Starcom Holding e la scalata alla Banca di San Marino: “Il piano parallelo? La mossa di un gruppo contrario all’Ue”
La storia
Tutto inizia il 24 luglio 2025, quando l’Aif (Agenzia di informazione finanziaria) segnala alla magistratura del Titano operazioni sospette, denotate da possibili reati “di amministrazione infedele, corruzione privata e riciclaggio”.

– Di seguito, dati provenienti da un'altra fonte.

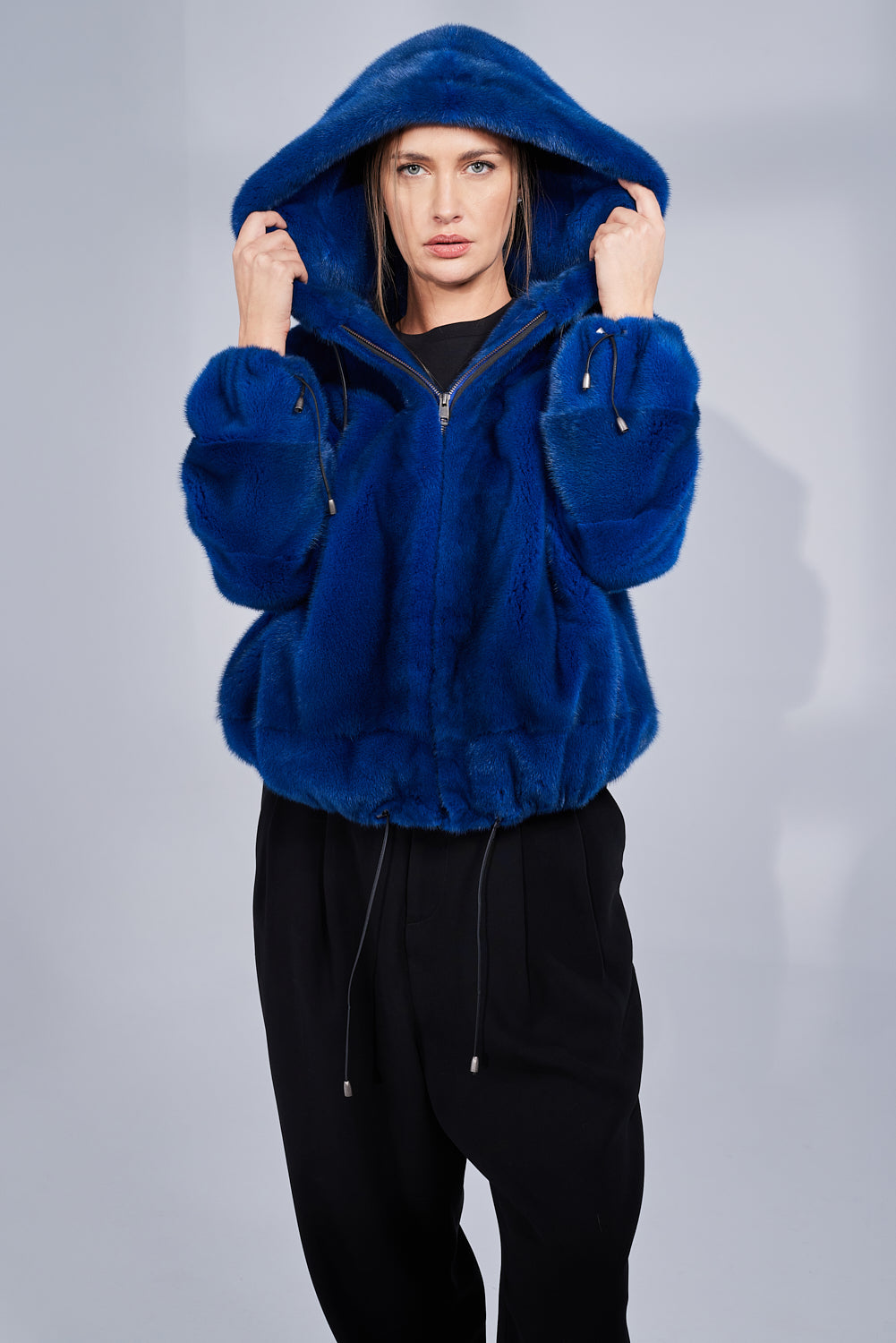 Haină din Blană Naturală de Vizon, Bomber Jacket cu Glugă, Femei, Electric Blue 184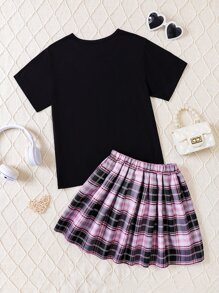 SHEIN Tween Girl Japanese Letter & Figure Graphic Tee & Plaid Skirt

A suscitare dubbi è una consulenza da mezzo milione di euro pagata da Christov alla società sammarinese Ibc srl. Società riconducibile al consigliere dell’Ente Cassa di Faetano Andrea Delvecchio, tramite sua moglie, Marina Manduchi, in quanto amministratrice e socia unica.
Un confronto con il passato prossimo mostra una società «fino a qualche mese prima sostanzialmente inattiva» che all’improvviso avrebbe ricevuto tre bonifici da uno studio legale bulgaro in un periodo compreso tra febbraio e giugno 2025 per uno studio di fattibilità volto a costituire una società sammarinese destinata a entrare nell’assetto proprietario della Banca di San Marino, proprio mentre Ecf si occupava della vendita del 51% della stessa banca alla holding bulgara. Una somma reputata eccessiva rispetto all’incarico che venne peraltro effettuato da professionisti esterni alla srl. Christov ha liquidato il versamento come un primo passo per creare una società nel settore delle batterie e dell’energia elettrica ma il sospetto resta: l’ipotesi di chi indaga è che la consulenza avrebbe costituito il compenso perché Delvecchio favorisse il buon fine della trattativa.